"""

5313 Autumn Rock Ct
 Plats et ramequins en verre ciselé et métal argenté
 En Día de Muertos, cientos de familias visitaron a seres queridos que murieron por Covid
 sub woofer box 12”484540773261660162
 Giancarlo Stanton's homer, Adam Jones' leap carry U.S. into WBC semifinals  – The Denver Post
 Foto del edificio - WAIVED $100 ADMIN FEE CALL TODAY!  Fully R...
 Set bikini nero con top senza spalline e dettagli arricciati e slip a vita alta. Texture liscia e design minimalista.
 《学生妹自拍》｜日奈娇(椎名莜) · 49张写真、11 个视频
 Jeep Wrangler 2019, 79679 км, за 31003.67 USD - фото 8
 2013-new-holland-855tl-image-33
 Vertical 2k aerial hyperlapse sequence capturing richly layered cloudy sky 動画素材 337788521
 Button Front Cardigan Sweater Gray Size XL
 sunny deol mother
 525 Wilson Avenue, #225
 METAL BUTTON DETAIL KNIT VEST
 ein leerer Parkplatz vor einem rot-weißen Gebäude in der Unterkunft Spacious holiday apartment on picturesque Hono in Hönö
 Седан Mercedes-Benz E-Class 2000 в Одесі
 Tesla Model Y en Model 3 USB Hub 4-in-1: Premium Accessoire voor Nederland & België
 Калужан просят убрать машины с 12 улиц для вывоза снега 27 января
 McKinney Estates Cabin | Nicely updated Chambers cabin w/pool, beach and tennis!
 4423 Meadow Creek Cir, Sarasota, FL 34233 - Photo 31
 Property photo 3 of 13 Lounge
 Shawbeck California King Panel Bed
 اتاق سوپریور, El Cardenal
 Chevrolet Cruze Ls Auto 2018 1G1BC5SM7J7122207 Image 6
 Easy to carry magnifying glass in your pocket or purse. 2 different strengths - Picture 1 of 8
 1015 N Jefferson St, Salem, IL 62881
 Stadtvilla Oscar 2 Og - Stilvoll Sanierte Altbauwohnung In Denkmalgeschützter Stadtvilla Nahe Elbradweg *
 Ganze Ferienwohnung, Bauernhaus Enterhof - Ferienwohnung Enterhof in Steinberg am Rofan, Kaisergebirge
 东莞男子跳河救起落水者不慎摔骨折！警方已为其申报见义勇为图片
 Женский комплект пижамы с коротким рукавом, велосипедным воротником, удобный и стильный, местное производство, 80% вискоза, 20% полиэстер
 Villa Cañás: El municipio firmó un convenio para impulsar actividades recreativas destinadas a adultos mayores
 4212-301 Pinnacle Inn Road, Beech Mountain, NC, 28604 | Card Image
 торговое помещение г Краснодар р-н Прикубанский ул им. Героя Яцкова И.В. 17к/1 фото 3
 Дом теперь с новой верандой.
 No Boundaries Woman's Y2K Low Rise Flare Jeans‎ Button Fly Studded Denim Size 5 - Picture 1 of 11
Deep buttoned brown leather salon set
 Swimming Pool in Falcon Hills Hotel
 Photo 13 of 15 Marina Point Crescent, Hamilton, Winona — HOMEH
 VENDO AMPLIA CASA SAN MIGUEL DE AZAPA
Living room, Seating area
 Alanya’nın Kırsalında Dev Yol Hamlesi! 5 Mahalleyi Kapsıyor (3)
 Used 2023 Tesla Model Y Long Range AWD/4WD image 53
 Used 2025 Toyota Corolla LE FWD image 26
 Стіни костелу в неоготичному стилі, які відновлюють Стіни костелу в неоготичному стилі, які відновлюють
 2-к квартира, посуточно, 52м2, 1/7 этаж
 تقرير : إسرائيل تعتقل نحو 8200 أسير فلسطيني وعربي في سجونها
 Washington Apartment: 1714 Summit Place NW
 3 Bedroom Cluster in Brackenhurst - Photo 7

"""

## Work instructions
Return exactly the opening lines of the listing above, ending with the line that has "Foto del edificio".

## Written answer
5313 Autumn Rock Ct
 Plats et ramequins en verre ciselé et métal argenté
 En Día de Muertos, cientos de familias visitaron a seres queridos que murieron por Covid
 sub woofer box 12”484540773261660162
 Giancarlo Stanton's homer, Adam Jones' leap carry U.S. into WBC semifinals  – The Denver Post
 Foto del edificio - WAIVED $100 ADMIN FEE CALL TODAY!  Fully R...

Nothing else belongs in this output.